▶ _DATA SHOWN_
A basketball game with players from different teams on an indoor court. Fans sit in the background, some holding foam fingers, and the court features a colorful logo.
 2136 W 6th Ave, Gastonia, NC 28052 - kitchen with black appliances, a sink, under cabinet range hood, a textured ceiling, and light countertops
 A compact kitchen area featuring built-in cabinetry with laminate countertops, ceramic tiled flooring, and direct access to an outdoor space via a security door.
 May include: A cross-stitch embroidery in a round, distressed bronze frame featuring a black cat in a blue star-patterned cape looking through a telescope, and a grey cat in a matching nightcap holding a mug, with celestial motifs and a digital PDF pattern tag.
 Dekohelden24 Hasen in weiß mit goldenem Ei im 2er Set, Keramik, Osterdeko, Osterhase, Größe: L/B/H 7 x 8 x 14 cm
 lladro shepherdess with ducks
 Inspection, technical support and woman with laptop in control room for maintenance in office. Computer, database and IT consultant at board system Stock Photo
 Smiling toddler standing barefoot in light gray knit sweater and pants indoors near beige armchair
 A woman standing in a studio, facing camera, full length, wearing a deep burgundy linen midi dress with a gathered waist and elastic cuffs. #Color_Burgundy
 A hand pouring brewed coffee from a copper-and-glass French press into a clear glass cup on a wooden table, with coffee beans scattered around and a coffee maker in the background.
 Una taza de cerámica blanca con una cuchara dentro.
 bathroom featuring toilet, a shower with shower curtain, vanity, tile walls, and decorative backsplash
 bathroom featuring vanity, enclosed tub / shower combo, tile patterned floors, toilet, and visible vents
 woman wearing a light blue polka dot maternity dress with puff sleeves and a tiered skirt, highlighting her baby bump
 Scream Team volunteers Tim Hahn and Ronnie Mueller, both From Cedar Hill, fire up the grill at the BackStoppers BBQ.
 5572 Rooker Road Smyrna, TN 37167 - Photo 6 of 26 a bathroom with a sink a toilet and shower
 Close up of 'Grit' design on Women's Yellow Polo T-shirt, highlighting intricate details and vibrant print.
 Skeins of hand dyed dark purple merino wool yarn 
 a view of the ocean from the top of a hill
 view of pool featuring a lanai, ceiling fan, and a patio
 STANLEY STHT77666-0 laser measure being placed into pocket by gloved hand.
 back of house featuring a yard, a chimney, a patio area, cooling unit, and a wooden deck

▶ _THE PROBLEM_
Up to and including the line with "Smiling toddler standing", please return the records exactly, beginning from their first line.

▶ _ANSWER FOR THIS EXERCISE_
A basketball game with players from different teams on an indoor court. Fans sit in the background, some holding foam fingers, and the court features a colorful logo.
 2136 W 6th Ave, Gastonia, NC 28052 - kitchen with black appliances, a sink, under cabinet range hood, a textured ceiling, and light countertops
 A compact kitchen area featuring built-in cabinetry with laminate countertops, ceramic tiled flooring, and direct access to an outdoor space via a security door.
 May include: A cross-stitch embroidery in a round, distressed bronze frame featuring a black cat in a blue star-patterned cape looking through a telescope, and a grey cat in a matching nightcap holding a mug, with celestial motifs and a digital PDF pattern tag.
 Dekohelden24 Hasen in weiß mit goldenem Ei im 2er Set, Keramik, Osterdeko, Osterhase, Größe: L/B/H 7 x 8 x 14 cm
 lladro shepherdess with ducks
 Inspection, technical support and woman with laptop in control room for maintenance in office. Computer, database and IT consultant at board system Stock Photo
 Smiling toddler standing barefoot in light gray knit sweater and pants indoors near beige armchair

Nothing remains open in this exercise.